RECORDS PROVIDED -
------------------------------------------------
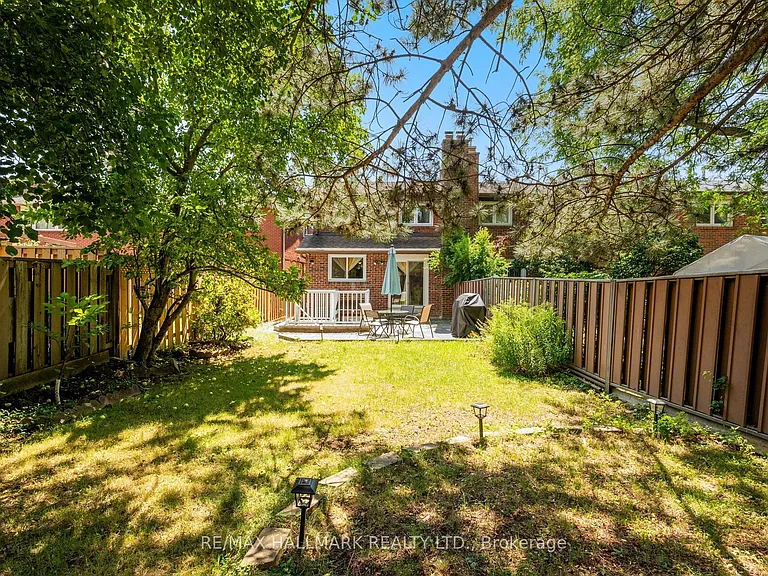 154 Robert Hicks Dr — Photo 48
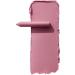 Maybelline Lipstick Superstay Matte Ink Crayon Longlasting With Precision Applicator 30 Seek Adventure 1 Count Pack Of 1 30 Seek Adventure 1 count (Pack of 1) - Buy Online on GoSupps.com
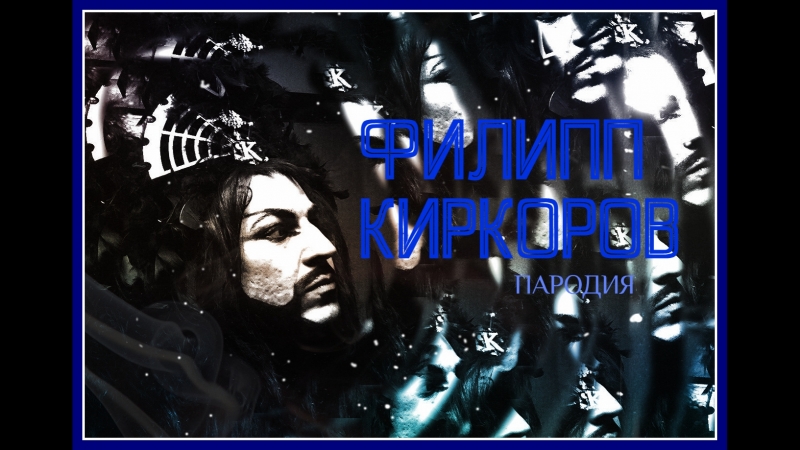ПРАЗДНИКИ !!!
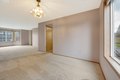 Additional image 11 of 15814 NE 70th St, Vancouver, WA, 98682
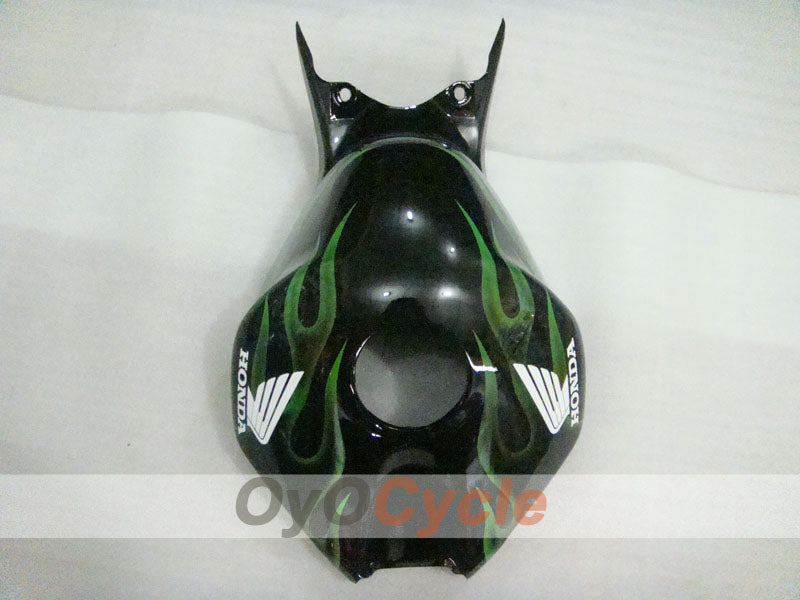 Fuel Tank Fairing For Honda 06-07 CBR1000RR #OYO87906741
------------------------------------------------
EXERCISE - When you restate the listing above, give each line word for word but leave out every image.

ANSWER TO THIS PROBLEM -
 154 Robert Hicks Dr — Photo 48
 Maybelline Lipstick Superstay Matte Ink Crayon Longlasting With Precision Applicator 30 Seek Adventure 1 Count Pack Of 1 30 Seek Adventure 1 count (Pack of 1) - Buy Online on GoSupps.com
ПРАЗДНИКИ !!!
 Additional image 11 of 15814 NE 70th St, Vancouver, WA, 98682
 Fuel Tank Fairing For Honda 06-07 CBR1000RR #OYO87906741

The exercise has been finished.